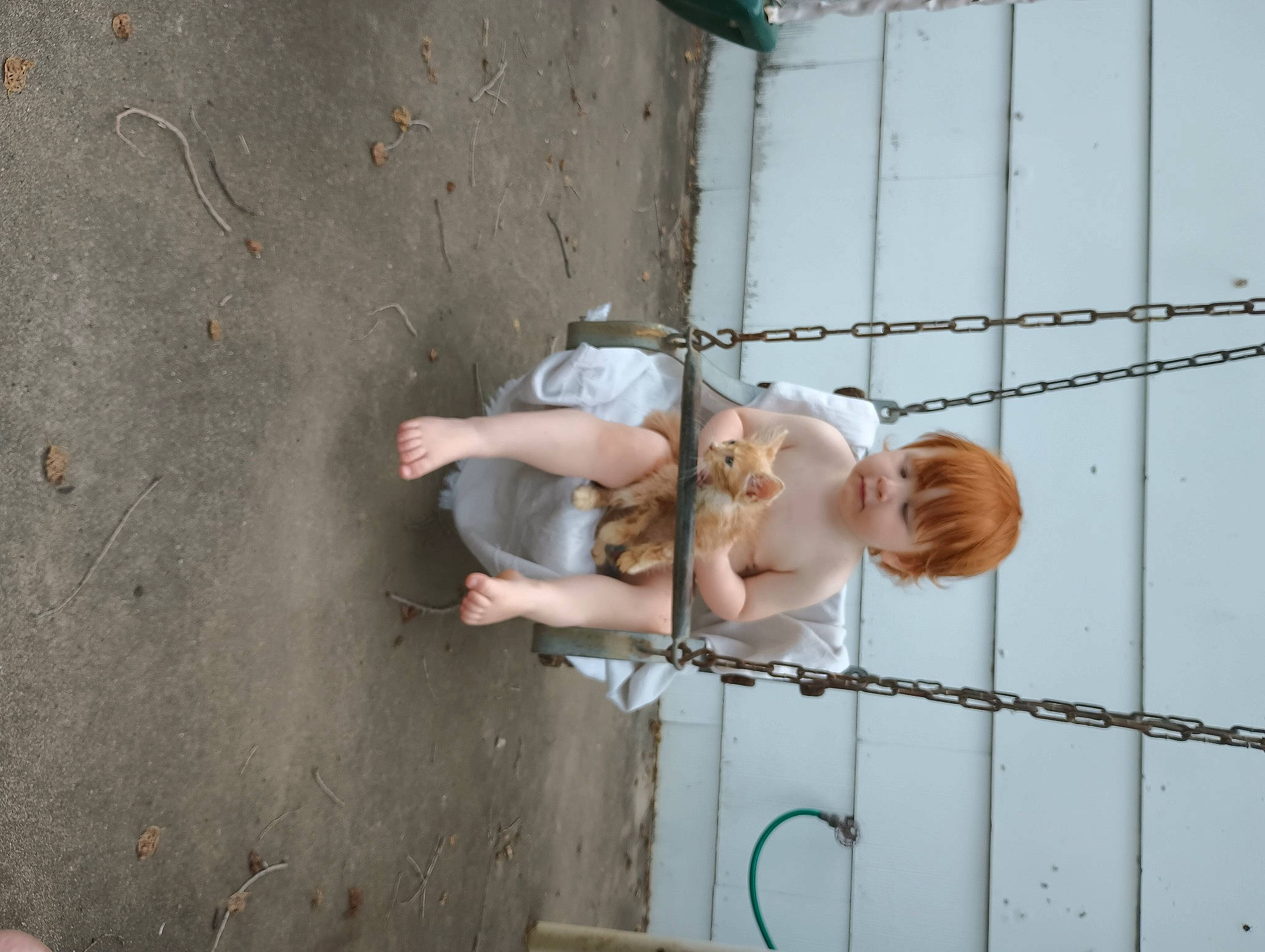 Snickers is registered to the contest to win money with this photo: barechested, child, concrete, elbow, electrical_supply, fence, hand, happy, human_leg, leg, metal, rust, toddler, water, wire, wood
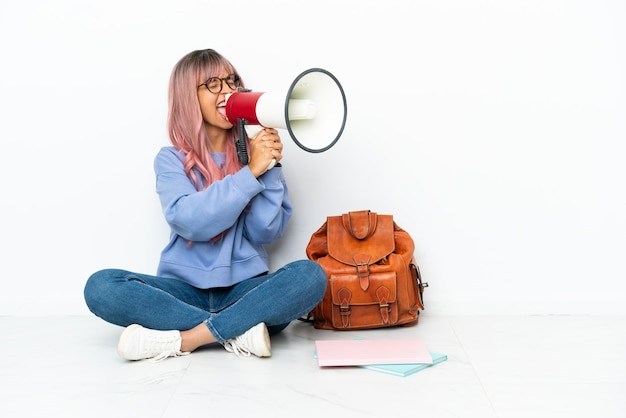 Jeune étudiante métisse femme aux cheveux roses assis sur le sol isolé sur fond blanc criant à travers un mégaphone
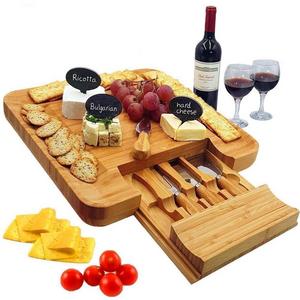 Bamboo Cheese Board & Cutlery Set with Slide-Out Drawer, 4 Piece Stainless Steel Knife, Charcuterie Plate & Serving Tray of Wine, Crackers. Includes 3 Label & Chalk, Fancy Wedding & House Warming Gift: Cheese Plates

*What to work on*. Omit all pictures, and repeat exactly the lines from the line containing "Jeune étudiante métisse" through the end of the data.

*Task solution*.
 Jeune étudiante métisse femme aux cheveux roses assis sur le sol isolé sur fond blanc criant à travers un mégaphone
 Bamboo Cheese Board & Cutlery Set with Slide-Out Drawer, 4 Piece Stainless Steel Knife, Charcuterie Plate & Serving Tray of Wine, Crackers. Includes 3 Label & Chalk, Fancy Wedding & House Warming Gift: Cheese Plates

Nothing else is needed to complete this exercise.